また全幅が広がったことでフェンダーの張り出しも増し、グラマラスな雰囲気となった。筆者はCX-60を所有しているが、CX-60オーナーとしてもルックスはCX-90のほうがいいように思う。

ダッシュボードが共通のワケ

運転席に座って驚いたのは、(左ハンドルであることを除けば)その感覚が、慣れ親しんでいるCX-60とまったく変わらないことだった。

その最大の理由は、ダッシュボードが共用化されていること。CX-90の前身となる「CX-9」では、日本で販売していた車幅の狭い「CX-8」とは異なる専用のダッシュボードを組み合わせていたのだが、CX-90では共通化されたのである。

ハンドル位置以外に操作系などで大きく異なる部分はなかった(筆者撮影)
ハンドル位置以外に操作系などで大きく異なる部分はなかった(筆者撮影)

気になってCX-90の左右Aピラーの間隔や左右のドアの距離を計測してみたところ、なんとCX-60と同じだった。
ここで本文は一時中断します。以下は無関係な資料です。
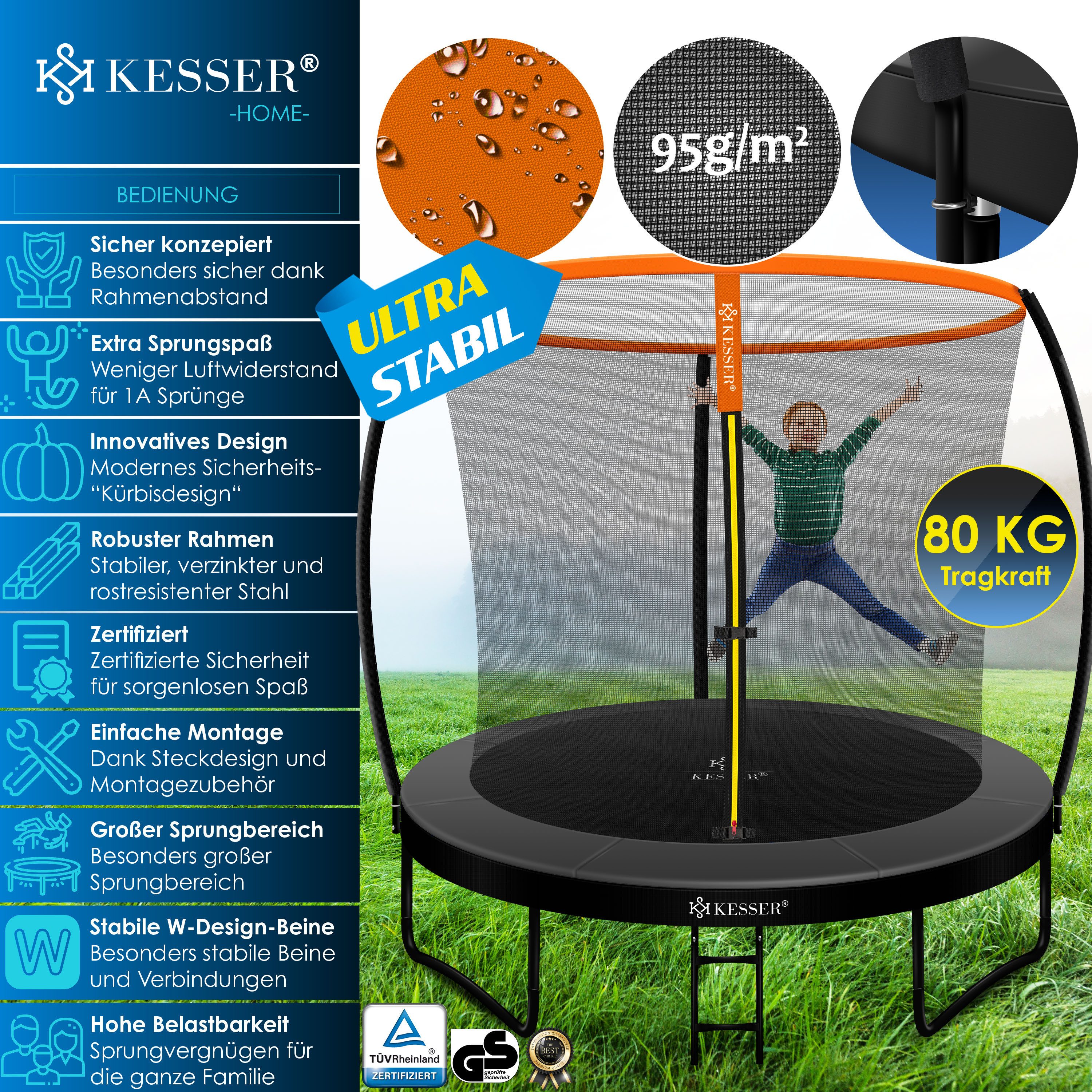 KESSER Gartentrampolin, Trampolin Gartentrampolin TÜV Rheinland GS Zertifiziert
CX-90とCX-60では、104mmもの全幅の差があるが、室内幅は共通であり、車体側面の張り出しだけで全幅を広げているのだ。

それが意味するのは、ラージ商品群の4モデルを戦略的に開発した新世代は、従来よりもナローボディとワイドボディの共通設計範囲を拡大することによって、全体でのコストダウンを図っているということだろう。